You’ll get an HTTP 409 Conflict response with a JSON object describing the problem. This is how CouchDB enforces consistency.

Removing a Document with DELETE

Finally, you can use the DELETE operation to remove a document from the database.

 $ ​​curl​​ ​​-i​​ ​​-XDELETE​​ ​​\
  ​​"${COUCH_ROOT_URL}/music/2ac58771c197f70461056f7c7e002eda"​​ ​​\
  ​​-H​​ ​​"If-Match: 2-17e4ce41cd33d6a38f04a8452d5a860b"
 HTTP/1.1 200 OK
 Cache-Control: must-revalidate
 Content-Length: 95
 Content-Type: application/json
 Date: Sun, 30 Apr 2017 23:26:40 GMT
 ETag: "3-42aafb7411c092614ce7c9f4ab79dc8b"
 Server: CouchDB/2.0.0 (Erlang OTP/19)
 X-Couch-Request-ID: c4dcb91db2
 X-CouchDB-Body-Time: 0
 
 {
  "ok": true,
  "id": "2ac58771c197f70461056f7c7e002eda",
  "rev": "3-42aafb7411c092614ce7c9f4ab79dc8b"
 }

The DELETE operation will supply a new revision number, even though the document is gone. It’s worth noting that the document wasn’t really removed from disk, but rather a new empty document was appended, flagging the document as deleted. Just like with an update, CouchDB does not modify documents in place. But for all intents and purposes, it’s deleted.

Day 1 Wrap-Up

Now that you’ve learned how to do basic CRUD operations in Fauxton and cURL, you’re ready to move on to more advanced topics.
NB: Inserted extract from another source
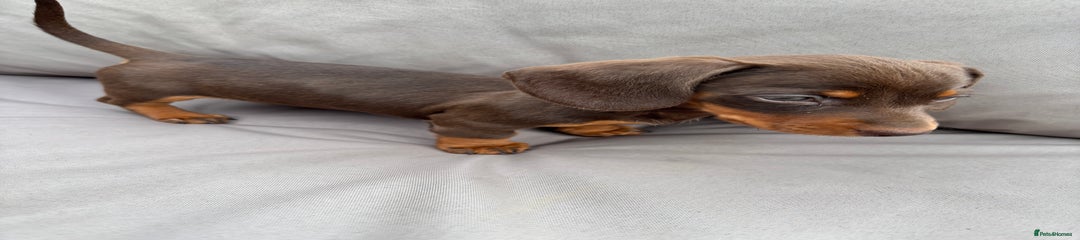 Miniature Dachshund Puppy 2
On Day 2, we’ll dig into creating indexed views, which will provide other avenues for retrieving documents than just specifying them by their _id values.

Day 1 Homework

Find

  1. Find the CouchDB HTTP API reference documentation online.
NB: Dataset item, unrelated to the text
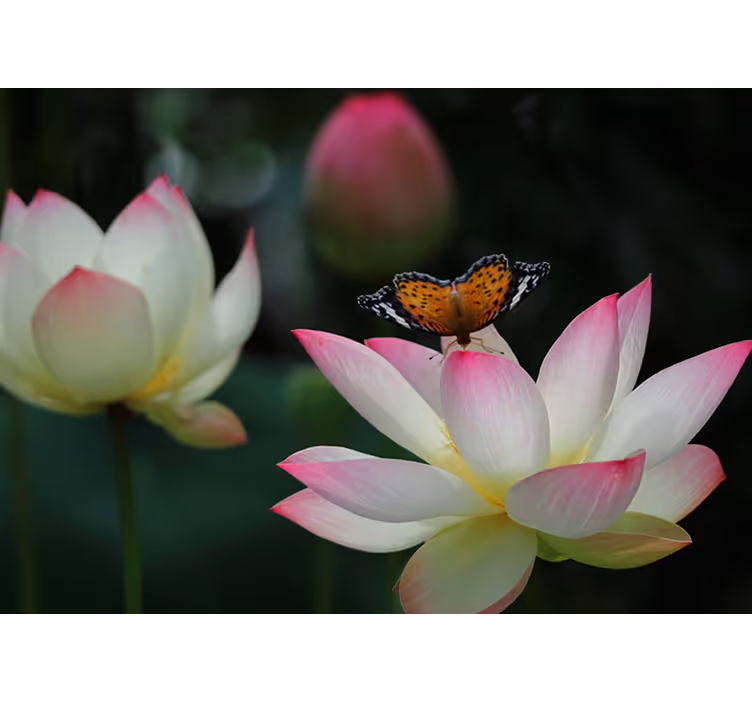 Yatak odası stor perde kelebekli parlak lotus çiçeği - TenStickers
  2. We’ve already used GET, POST, PUT, and DELETE. What other HTTP methods are supported?

Do

  1. Use cURL to PUT a new document into the music database with a specific _id of your choice.
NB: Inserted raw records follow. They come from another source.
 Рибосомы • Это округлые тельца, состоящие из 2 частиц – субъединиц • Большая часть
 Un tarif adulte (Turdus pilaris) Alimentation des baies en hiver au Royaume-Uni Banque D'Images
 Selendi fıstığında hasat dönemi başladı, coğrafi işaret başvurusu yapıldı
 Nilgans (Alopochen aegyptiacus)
  2. Use cURL to create a new database with a name of your choice, and then delete that database also via cURL.

  3. CouchDB supports attachments, which are arbitrary files that you can save with documents (similar to email attachments). Again using cURL, create a new document that contains a text document as an attachment. Lastly, craft and execute a cURL request that will return just that document’s attachment.